The rationale behind the guidelines is that the FTC wants advertisers to be prevented from presenting paid content in ways that mask the fact that it’s a form of advertising. Essentially, it wants to avoid leaving the erroneous impression that the advertiser did not create — or influence the creation — of the content, or that it paid a fee in order for the news to be published.
But what native advertising content developer Polar has found is that the explicit disclosures the FTC wishes advertisers to include as part of their stories tend to have a negative impact on readership.
… Which is precisely what native advertising is trying to avoid, of course.

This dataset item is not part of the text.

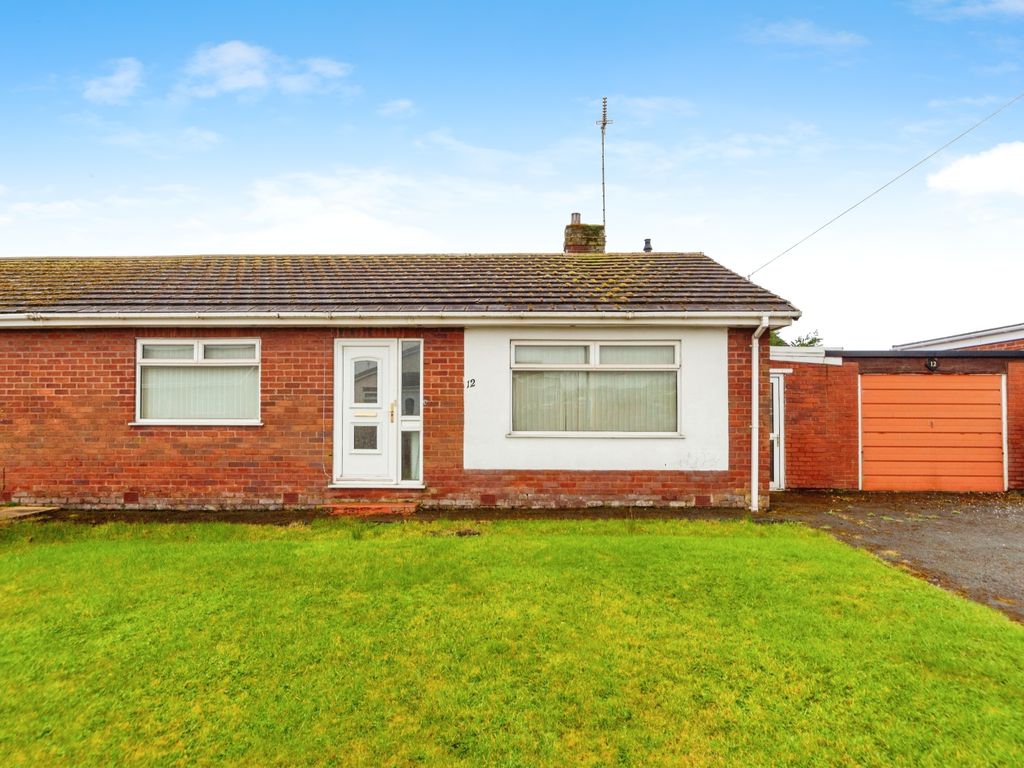 2 bed bungalow for sale in Dukesfield Drive, Buckley, Flintshire CH7, £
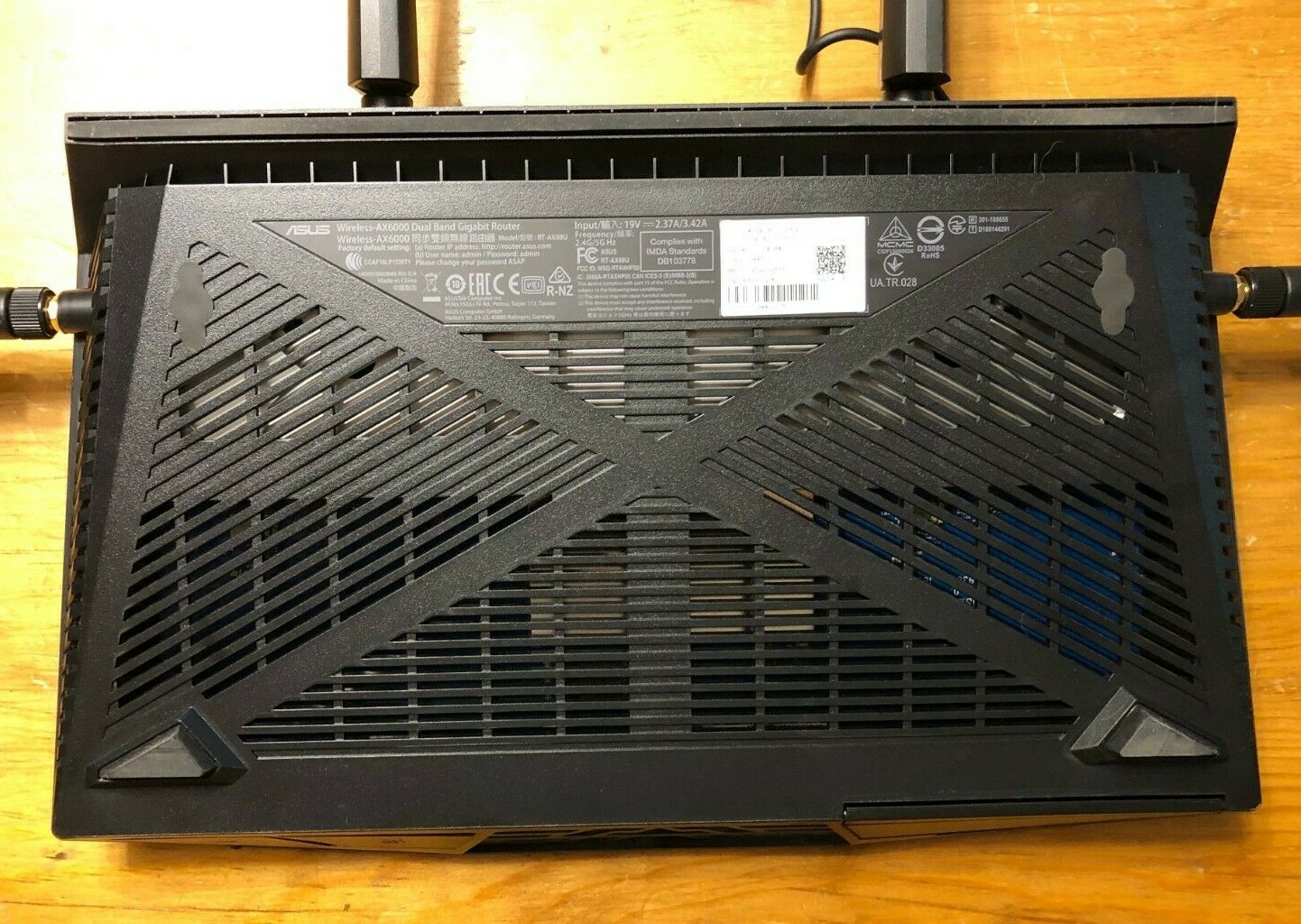 ASUS RT-AX88U Wireless Router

After all, the whole point of these articles is to appear that they’re published due to their inherent newsworthiness, rather than because advertisers wish to push a sales message disguised as “narrative” so strongly, they’re willing to fork over big bucks for the privilege.
In its evaluation, Polar analyzed ~140 native placements across 65 publishers, and found that only ~55% of them used the term “sponsored” as a way to label the content.
As for the term “advertisement” or “advertorial,” the incidence of usage was far lower; less than 5% of the native placements identified their content as such.
Correlated to these findings was that more euphemistic terms like “partner content” tend to perform better in terms of reader engagement than do more explicit disclosures of an advertiser relationship.
“Promoted” was found to be the best performing term, garnering a 0.19% clickthrough rate as compared to “sponsored,” with just a 0.16% clickthrough rate.
[Interestingly, on desktop devices “sponsored” marginal outperformed “promoted,” whereas on mobile devices it was just the opposite.]
More broadly, the Polar investigation also found that nearly one-third of the pay-to-play native advertising placements it evaluated failed to comply at all with the FTC guidelines (as in zip/zero/nada) – which brings up a whole other set of issues at a time of heightened awareness of the “fake news” phenomenon online.